On the eve of a meeting of aid donor countries in April 2004, Gusmí£o made an exasperated appeal to public opinion: "If our larger, more powerful neighbour steals the money we need to repay loans, that will put us deeper in debt. We will be one more country on the list of debt-ridden countries all over the world." Downer took offence and accused the Timorese of blackening Australia's image. He pointed to Australian generosity in conceding 90% of the royalties from Bayu-Undan and in giving $170m in aid. Oxfam Australia has calculated that, during this period, Australia had made more than $1bn from the Laminaria/Corallina field.
A group of Australians from the Timor Sea Justice Campaign proposed that the revenues from the contested areas should be deposited in escrow accounts and allocated once new boundaries had been agreed. Their government turned a deaf ear to this and to appeals from churches. It also ignored a December 2000 report from the Australian Senate Committee on Foreign Affairs, Defence and Trade which suggested: "By acting honourably and taking account of current international law, the Australian government might not only earn the goodwill of East Timor but also of other interested parties as well as providing East Timor with an economic basis on which it might be able to reduce its dependency on foreign aid."

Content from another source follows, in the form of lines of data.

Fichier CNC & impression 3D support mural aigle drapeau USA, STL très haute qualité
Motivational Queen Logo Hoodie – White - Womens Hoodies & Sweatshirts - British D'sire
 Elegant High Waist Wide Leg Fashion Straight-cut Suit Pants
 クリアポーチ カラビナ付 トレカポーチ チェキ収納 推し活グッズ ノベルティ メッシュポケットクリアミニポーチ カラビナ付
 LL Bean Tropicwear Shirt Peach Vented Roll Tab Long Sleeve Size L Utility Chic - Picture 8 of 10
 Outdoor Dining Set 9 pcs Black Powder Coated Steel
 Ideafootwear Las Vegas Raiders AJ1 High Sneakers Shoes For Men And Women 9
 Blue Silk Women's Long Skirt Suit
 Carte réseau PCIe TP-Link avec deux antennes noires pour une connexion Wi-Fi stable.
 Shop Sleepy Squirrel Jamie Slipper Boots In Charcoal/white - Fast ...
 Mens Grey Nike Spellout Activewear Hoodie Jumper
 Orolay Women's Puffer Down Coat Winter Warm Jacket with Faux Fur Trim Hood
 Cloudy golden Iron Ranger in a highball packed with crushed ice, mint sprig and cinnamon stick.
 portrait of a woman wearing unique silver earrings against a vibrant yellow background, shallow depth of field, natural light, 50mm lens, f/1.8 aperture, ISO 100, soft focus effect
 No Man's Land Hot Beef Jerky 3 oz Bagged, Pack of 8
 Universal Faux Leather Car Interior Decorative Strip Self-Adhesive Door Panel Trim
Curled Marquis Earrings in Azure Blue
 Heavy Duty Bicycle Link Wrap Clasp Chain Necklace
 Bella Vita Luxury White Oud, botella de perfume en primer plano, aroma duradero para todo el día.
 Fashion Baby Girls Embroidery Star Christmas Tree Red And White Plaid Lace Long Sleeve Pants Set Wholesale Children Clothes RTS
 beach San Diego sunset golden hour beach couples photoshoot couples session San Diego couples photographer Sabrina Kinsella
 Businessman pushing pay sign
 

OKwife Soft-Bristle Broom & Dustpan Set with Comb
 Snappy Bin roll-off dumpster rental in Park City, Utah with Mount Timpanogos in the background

The oil companies announced they would abandon investment in Greater Sunrise unless Australia and Timor reached an agreement by the end of 2004. But the Timorese parliament refused to ratify any agreement unless Australia committed itself to resolving the boundary issue within five years.
October's federal elections sharpened the debate in Australia. The opposition Labour party accused the governing Liberal/National coalition of inflexibility in its dealings with East Timor and its leader, Mark Latham, promised to re-open negotiations if he was elected. Downer reacted by suggesting talks with East Timor's foreign minister, the 1996 Nobel Peace Prize winner José Ramos-Horta. Despite a poll indicating that a high proportion of Australians do not support its refusal of ICJ arbitration, the Liberal/National coalition again won the elections.
In May 2004 Ramos-Horta acknowledged that his country owed its freedom to Australia, which had led the UN International Force in East Timor in 1999. There is no guarantee that it will not need Australian support again in the future, a point emphasised by Downer when he reminded Timor that it was in danger of alienating its closest international friend (8). In August, at a joint press conference, the two ministers insisted that they were optimistic: a provisional settlement, still in need of fine-tuning, would assign more revenues to Timor without changing the boundaries.
Downer added: "For the Timorese the issues of sovereignty of course aren't unimportant but the question of how much revenue East Timor is able to extract from the Timor Sea is a very important issue for a country which is new, has got a very low per capita GDP and has to build a broader economic base."
With international tribunals excluded, Ramos-Horta seems prepared to be pragmatic. Nevertheless, he has openly acknowledged that the idea of putting aside the question of sovereignty for five, 10 or 20 years to allow discussions to focus on resource sharing is only his personal opinion (9) and that it would be up to the Timorese parliament to ratify any agreement.